Oltre i livelli di spesa, dovremmo parlare anche di come spendiamo: da un lato, come detto nel testo, il sostegno al reddito riguarda attualmente solo categorie di privilegiati (coloro che accedono alla Cassa Integrazione, semplificando un pò). D’altro lato, questi fondi sono concessi senza alcuna condizione a chi li riceve (in teoria ci sarebbe il divieto di rifiutare un’offerta di lavoro “congrua”, ma di fatto non c’è sanzione). Inserendo l’obbligo di partecipare ad attività di formazione e reimpiego, non solo favoriremmo la capacità del sistema di adattarsi continuamente agli sviluppi economici e sociali, ma introdurremmo limiti temporali alla durata del beneficio (pari al massimo alla durata dei programmi) ed eviteremmo disincentivi al lavoro, dunque complessivamente risparmiando risorse.
Desidero concludere notando che alcune misure possono intanto essere introdotte, in misura minore a quanto idealmente auspicabile, come prima risposta a situazioni insostenibili. Considerando ad esempio il numero di lavoratori veramente “precari” (gli iscritti alla Gestione Separata dell’INPS, a parte professionisti, amministratori e sindaci di società , membri di collegi e commissioni), è stato presentato in Senato un emendamento alla Legge Finanziaria che quantifica il costo di un sussidio di disoccupazione pari a 300€ al mese per 6 mesi, per un costo complessivo inferiore (sotto ipotesi pessimistiche) agli 800 milioni di euro l’anno.
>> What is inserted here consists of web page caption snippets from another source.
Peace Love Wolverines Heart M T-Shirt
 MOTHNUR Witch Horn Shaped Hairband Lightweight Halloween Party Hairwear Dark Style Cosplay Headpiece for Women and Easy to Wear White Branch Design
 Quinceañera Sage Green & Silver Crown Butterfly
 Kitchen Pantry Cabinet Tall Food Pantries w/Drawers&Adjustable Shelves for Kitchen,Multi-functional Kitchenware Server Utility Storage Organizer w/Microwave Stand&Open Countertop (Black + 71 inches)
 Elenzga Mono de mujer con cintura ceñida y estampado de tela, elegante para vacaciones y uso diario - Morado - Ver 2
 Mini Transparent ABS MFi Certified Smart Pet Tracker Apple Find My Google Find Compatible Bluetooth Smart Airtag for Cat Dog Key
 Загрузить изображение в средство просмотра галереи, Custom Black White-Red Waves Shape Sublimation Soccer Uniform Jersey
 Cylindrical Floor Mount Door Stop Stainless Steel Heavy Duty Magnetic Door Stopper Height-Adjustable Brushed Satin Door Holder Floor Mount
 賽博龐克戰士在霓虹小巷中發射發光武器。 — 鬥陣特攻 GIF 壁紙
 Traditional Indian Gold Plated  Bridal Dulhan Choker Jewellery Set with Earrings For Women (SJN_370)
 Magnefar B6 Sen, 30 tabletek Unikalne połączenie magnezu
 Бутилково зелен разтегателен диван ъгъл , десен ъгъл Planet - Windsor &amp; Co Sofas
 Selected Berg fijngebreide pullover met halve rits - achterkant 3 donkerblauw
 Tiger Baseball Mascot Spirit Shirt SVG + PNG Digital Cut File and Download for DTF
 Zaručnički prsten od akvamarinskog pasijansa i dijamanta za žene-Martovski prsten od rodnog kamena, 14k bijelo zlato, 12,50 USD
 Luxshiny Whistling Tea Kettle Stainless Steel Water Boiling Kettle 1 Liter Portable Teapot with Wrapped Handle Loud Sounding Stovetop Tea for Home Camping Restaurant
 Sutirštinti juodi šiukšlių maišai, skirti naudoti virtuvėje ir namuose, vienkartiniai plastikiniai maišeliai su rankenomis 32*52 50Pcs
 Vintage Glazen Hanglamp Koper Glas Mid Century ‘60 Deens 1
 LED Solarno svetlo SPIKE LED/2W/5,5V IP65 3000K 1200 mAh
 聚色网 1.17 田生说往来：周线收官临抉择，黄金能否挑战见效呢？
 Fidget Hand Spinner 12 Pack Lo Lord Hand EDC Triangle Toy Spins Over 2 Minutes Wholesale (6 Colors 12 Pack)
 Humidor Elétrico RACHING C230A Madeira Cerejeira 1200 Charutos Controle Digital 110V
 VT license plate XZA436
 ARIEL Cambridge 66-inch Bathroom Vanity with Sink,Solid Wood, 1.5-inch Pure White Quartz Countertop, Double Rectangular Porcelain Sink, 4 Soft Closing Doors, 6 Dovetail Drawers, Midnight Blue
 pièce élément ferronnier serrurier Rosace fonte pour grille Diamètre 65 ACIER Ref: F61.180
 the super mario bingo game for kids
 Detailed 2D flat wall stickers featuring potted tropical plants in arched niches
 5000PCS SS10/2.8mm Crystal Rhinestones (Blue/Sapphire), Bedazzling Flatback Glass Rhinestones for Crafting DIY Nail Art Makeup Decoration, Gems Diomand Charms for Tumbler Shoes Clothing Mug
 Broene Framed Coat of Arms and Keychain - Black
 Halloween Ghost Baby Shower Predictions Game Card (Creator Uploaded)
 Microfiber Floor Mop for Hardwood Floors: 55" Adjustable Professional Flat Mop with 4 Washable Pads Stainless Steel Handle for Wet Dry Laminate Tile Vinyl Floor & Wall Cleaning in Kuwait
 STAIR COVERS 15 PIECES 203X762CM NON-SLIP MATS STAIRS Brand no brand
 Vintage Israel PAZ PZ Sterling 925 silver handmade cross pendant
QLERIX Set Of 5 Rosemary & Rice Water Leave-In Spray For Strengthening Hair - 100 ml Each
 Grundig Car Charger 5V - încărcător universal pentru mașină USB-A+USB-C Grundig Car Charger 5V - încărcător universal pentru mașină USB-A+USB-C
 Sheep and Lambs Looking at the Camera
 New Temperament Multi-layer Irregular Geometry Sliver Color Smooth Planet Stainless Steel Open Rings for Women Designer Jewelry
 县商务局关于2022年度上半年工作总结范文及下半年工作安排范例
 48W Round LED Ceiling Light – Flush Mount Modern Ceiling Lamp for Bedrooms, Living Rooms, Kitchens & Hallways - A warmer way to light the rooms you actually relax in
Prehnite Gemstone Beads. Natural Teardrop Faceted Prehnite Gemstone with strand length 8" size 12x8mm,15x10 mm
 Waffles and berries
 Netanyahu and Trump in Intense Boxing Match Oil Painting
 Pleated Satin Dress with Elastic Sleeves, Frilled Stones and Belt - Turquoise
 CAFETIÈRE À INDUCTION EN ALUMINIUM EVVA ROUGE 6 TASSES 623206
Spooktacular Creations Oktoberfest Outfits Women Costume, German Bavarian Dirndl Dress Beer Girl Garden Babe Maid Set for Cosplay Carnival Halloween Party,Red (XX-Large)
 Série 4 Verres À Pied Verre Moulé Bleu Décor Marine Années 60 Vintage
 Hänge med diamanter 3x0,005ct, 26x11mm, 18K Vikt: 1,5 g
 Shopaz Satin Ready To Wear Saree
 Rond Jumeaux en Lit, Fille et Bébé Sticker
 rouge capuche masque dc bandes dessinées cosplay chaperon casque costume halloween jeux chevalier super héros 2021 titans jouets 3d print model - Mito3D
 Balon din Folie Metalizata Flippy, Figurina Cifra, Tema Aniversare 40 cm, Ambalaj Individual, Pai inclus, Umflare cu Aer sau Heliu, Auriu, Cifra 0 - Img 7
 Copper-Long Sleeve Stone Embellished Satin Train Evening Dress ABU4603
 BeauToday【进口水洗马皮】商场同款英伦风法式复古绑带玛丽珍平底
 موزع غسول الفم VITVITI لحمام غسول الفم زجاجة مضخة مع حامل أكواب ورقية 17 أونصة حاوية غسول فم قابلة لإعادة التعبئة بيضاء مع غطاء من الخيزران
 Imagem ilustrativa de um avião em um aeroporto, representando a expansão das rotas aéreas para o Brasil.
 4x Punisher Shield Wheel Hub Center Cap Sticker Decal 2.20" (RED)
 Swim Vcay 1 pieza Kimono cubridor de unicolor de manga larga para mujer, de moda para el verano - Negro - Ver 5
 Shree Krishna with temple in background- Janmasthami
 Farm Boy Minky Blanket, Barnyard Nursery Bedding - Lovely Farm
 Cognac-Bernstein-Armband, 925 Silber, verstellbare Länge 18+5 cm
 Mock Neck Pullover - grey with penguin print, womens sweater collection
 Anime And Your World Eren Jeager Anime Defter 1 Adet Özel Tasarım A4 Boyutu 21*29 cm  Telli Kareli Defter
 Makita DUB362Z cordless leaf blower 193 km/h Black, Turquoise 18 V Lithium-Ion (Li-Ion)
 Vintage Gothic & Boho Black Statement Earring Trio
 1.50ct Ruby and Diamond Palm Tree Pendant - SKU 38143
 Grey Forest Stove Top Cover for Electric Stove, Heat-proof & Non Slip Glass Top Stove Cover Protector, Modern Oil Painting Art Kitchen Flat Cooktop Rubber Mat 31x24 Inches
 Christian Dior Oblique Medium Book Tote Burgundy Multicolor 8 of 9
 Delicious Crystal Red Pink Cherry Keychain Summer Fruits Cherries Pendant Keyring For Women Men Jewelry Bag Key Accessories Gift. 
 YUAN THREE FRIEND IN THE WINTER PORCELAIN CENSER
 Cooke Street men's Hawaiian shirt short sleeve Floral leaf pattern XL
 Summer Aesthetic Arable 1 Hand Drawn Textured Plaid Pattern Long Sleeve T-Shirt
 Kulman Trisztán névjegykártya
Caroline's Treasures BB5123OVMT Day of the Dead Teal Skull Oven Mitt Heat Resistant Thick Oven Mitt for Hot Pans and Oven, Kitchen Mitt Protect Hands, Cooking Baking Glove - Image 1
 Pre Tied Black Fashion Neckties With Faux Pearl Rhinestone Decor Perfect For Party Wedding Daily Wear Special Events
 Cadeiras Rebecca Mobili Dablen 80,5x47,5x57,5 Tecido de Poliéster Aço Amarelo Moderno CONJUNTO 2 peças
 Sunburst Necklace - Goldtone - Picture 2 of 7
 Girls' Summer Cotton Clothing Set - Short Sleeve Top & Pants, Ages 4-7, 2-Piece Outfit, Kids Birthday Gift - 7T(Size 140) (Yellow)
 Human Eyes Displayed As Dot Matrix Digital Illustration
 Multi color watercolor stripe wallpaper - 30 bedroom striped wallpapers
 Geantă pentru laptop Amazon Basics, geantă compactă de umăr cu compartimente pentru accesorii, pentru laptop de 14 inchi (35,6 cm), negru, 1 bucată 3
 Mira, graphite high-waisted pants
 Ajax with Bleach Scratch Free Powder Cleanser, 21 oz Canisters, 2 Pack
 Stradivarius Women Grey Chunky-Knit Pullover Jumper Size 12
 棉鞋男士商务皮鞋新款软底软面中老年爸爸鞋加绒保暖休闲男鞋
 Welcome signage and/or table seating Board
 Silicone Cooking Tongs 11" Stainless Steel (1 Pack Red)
Una cifra non impressionante: più o meno quanto le Regioni nel periodo 2001-2006 hanno accumulato in fondi europei non spesi (Fondo Sociale Europeo).
Insomma, a volte l’inazione politica deriva da non condivisione degli obiettivi, e non da mancanza di mezzi. Ad esempio, alcuni partiti legittamente aspirano all’abolizione completa della flessibilità del lavoro, come fine ultimo. Così facendo finiscono però per agire, per le concrete condizioni di vita dei lavoratori flessibili, molto meno di quanto sarebbe possibile.
Per quanto attiene le differenze regionali, non c’è dubbio la questione merita un approfondimento. Non posso qui discutere delle cause del sottosviluppo del Sud, e non ne avrei le competenze. Per quanto riguarda l’occupazione, noto solo che l’analisi a volte deve astrarre da fattori pur rilevanti, ma non oggetto di indagine al momento (ad esempio, il mio ragionamento astrae anche dalle differenze di genere, certo non meno rilevanti per il mercato del lavoro).
Per quanto riguarda la contrattazione, ribadisco solo che si tratta di scegliere tra una strategia che punti a sopravvivere riducendo i costi (che io considero fallimentare di fronte ai giganti emergenti, ma si tratta di una scommessa), e una che invece punti a competere favorendo l’accumulazione capitalistica e l’innovazione tecnologica.
Anche per questo condivido l’osservazione finale: se le imprese usano permanentemente contratti temporanei, evidentemente non cercano flessibilità , ma bassi costi (a parte la libertà di licenziare e il ricatto che ne deriva). Qui però entriamo nel problema degli abusi delle forme contrattuali flessibili, che va distinto da quello sull’esistenza della flessibilità , quella vera. A tal proposito, noto solo che alcune imprese sostanzialmente sopravvivono nel mercato (e fanno profitti) solo grazie a tali abusi: vale dunque l’ultima osservazione del mio testo, sull’opportunità di liberarsene, ma anche una necessaria prudenza nei modi e nei tempi, trattandosi pur sempre di posti di lavoro (di bassa qualità , ma posti di lavoro).